O que os governos do PT fizeram diante das mobilizações de junho?

O PT foi pego de surpresa e ficou atônito. Fernando Haddad, então prefeito de São Paulo, resistiu até mesmo em atender a reivindicação de cancelar o aumento de R$ 0,20 nas tarifas. Mas o problema era maior que isso.

O PT, que nasceu das lutas operárias dos anos 1980, chegou em 2013 como administrador dos negócios da burguesia: banqueiros, ruralistas e empreiteiras.

Inteiramente dependente do Estado burguês, serviu ao propósito tanto de estabilizar o regime democrático burguês quanto de endossar o projeto econômico de mero exportador de commodities (matérias-primas) relegado pelo imperialismo.

Foi um dos agentes do retrocesso da base produtiva do país. Aceitou uma localização rebaixada na divisão mundial do trabalho imposta pelo imperialismo. Desnacionalizou, privatizou e desindustrializou o país. Os ricos, sócios do imperialismo, ficaram mais ricos.

Enquanto a economia crescia, os mais pobres tiveram algumas concessões. Mas num nivelamento por baixo, sem jamais tocar na desigualdade de forma efetiva.

Se não bastasse, pisoteou bandeiras históricas dos movimentos negro, LGBTI+ e de mulheres, seja através de concessões pífias, seja promovendo ataques diretos, como as leis Antiterror e Antidrogas, que intensificaram o encarceramento e o genocídio da juventude negra ou as alianças com setores fundamentalistas religiosos e conservadores, que resultaram no abandono de medidas efetivas contra a lgbtifobia, a negação do direito ao aborto e o aumento do feminicídio.

Tudo isso acumulou uma série de descontentamento entre os trabalhadores e em uma juventude mais escolarizada que seus pais, mas que recebe menos e não tem nenhuma perspectiva de um futuro melhor.

Desculpas

Como justificativa para sua política capitalista, o PT sempre usou o problema da falta de correlação de forças. Ou seja, não teriam força social para implementar as mudanças em defesa dos trabalhadores e trabalhadoras que diziam defender.

Assim, estariam justificadas sua política destinada a “garantir a governabilidade” e a defesa das “medidas possíveis” dentro dos limites do capitalismo. Por isso, seu projeto se limitou a coisas como apoiar a Lei de Responsabilidade Fiscal (LRF) da burguesia, ao mesmo tempo que promovia o Bolsa Família, um neoliberalismo com renda mínima.

Contudo, não há maior capacidade de se impor uma correlação de forças favorável aos trabalhadores do que uma mobilização social que colocou milhões nas ruas, pondo todo o país de ponta-cabeça.
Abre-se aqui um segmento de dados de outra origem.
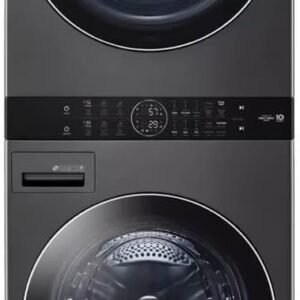 LG WKGX201HBA 27 Inch Smart Gas Single Unit WashTower with 4.5 cu. ft. Washer Capacity, 7.4 cu. ft. Dryer Capacity, TurboWash™360° Technology, LG ThinQ® Technology, AI Fabric... LG WKGX201HBA 27 Inch Smart Gas Single Unit WashTower with 4.5 cu. ft. Washer Capacity, 7.4 cu. ft. Dryer Capacity, TurboWash™360° Technology, LG ThinQ® Technology, AI Fabric...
Essa foi a possibilidade aberta pelo Junho de 2013.

As pautas e as reivindicações poderiam ser difusas no início. Mas logo foram ficando mais nítidas, assim como foi se revelando a insatisfação popular como pano de fundo de tudo aquilo.

Sem choque com o capital

Eis que diante das talvez maiores manifestações da nossa História, o que fez o PT? Enfrentou as manifestações em defesa dos capitalistas. Não deu um passo na direção da garantia dos direitos sociais e dos serviços públicos de qualidade que estavam sendo cobrados na rua.

Assumiu essa postura porque isso se chocaria com os interesses capitalistas. O problema não era falta de correlação de forças, mas sim o programa do PT, forjado para atender à burguesia e não aos anseios do povo.

Em entrevista ao jornal Estado de S. Paulo, em 1º/6/2023, Jilmar Tatto, deputado do PT, disse que as manifestações representaram um divisor de águas histórico porque tudo aquilo motivou o processo político que culminou com a queda de Dilma”.

O que ele não disse foi que, no calor das manifestações de 2013 e 2014, para ser reeleita, a presidente Dilma teve que fazer um discurso mais à esquerda, contra Aécio Neves e o neoliberalismo, prometendo que jamais atacaria os direitos dos trabalhadores.

Contudo, após vencer as eleições, Dilma cometeu um estelionato eleitoral contra os trabalhadores e a juventude para, mais uma vez, atender às exigências do mercado. Ou seja, dos capitalistas de sempre.